The controller 29 may be arranged to increase exhaust temperature to the first exhaust temperature by one or more techniques. The controller 29 may, for example, increase exhaust temperature by reducing VGT nozzle opening size, retarding fuel injection timing, e.g., by controlling operation of a fuel injection nozzle 45, reducing fuel injection pressure, e.g., controlling operation of a fuel injection pump 47, by increasing engine 23 speed, and dosing via a seventh injector 49.
The varnish build-up control sequence may function with the objective of reducing or eliminating varnish build-up that has occurred, or with the objective of preventing varnish build-up, or both reducing or eliminating varnish build-up and preventing varnish build-up. The varnish build-up control sequence that might be performed to prevent varnish build-up may involve increasing exhaust temperature upstream of the VGT 27 to a different first exhaust temperature, and changing a nozzle opening of a VGT nozzle between a smaller and a larger opening size in association with increasing the exhaust temperature to the first exhaust temperature to a different extent, at a different rate, or for different numbers of cycles than the varnish build-up control sequence that might be performed to reduce or eliminate varnish build-up.

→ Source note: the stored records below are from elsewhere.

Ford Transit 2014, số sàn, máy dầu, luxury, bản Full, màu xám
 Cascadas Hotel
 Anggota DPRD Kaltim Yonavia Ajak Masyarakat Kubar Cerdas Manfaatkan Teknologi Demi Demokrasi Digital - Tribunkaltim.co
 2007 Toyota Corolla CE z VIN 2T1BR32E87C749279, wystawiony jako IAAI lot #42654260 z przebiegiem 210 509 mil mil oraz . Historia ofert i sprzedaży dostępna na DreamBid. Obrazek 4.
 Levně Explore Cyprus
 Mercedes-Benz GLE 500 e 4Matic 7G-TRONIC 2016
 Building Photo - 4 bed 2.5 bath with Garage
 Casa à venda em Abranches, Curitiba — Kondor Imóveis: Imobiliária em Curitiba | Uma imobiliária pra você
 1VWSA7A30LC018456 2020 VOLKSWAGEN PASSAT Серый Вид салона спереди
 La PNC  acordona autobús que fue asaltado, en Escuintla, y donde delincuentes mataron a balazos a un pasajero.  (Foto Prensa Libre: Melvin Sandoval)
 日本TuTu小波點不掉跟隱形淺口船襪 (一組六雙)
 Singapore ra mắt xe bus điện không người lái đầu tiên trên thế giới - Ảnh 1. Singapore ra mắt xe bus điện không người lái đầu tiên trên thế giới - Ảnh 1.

Consequently, under some circumstances, varnish build-up may occur in spite of operation of a varnish build-up control sequence intended to prevent varnish build-up, in which case it may become necessary to initiate a varnish build-up control sequence that is intended to reduce or eliminate built-up varnish.
To illustrate, the determining means, such as an electrical sensor 35, might constantly monitor the force required to change the opening size of the nozzle 33 in the VGT 27. The controller 29 can be arranged to at least one of increase the exhaust temperature to the first exhaust temperature from a second, lower exhaust temperature through a sufficient number of temperature cycles, which may include maintaining the exhaust temperature at the first exhaust temperature for a predetermined length of time during each cycle, and change the size of the opening of the nozzle 33 of the VGT 27 between the smaller and larger opening size a sufficient number of times so that a force required to change the nozzle opening size in the VGT remains below a predetermined value. In the event that the force required to change the nozzle opening size in the VGT 27 nonetheless exceeds the predetermined value, which may be the result of varnish build-up, the varnish build-up control sequence can function in a build-up reduction or elimination mode. In the build-up reduction or elimination mode, the controller 29 can be arranged to at least one of cycle the exhaust temperature between the first exhaust temperature—which may be a higher first exhaust temperature than the first exhaust temperature to which the exhaust gas is raised to attempt to prevent varnish build-up—and a second, lower exhaust temperature through a sufficient number of temperature cycles and change the nozzle opening of the VGT between the smaller and larger opening size a sufficient number of times so that the force required to change the nozzle opening size in the VGT changes to a value below the predetermined value.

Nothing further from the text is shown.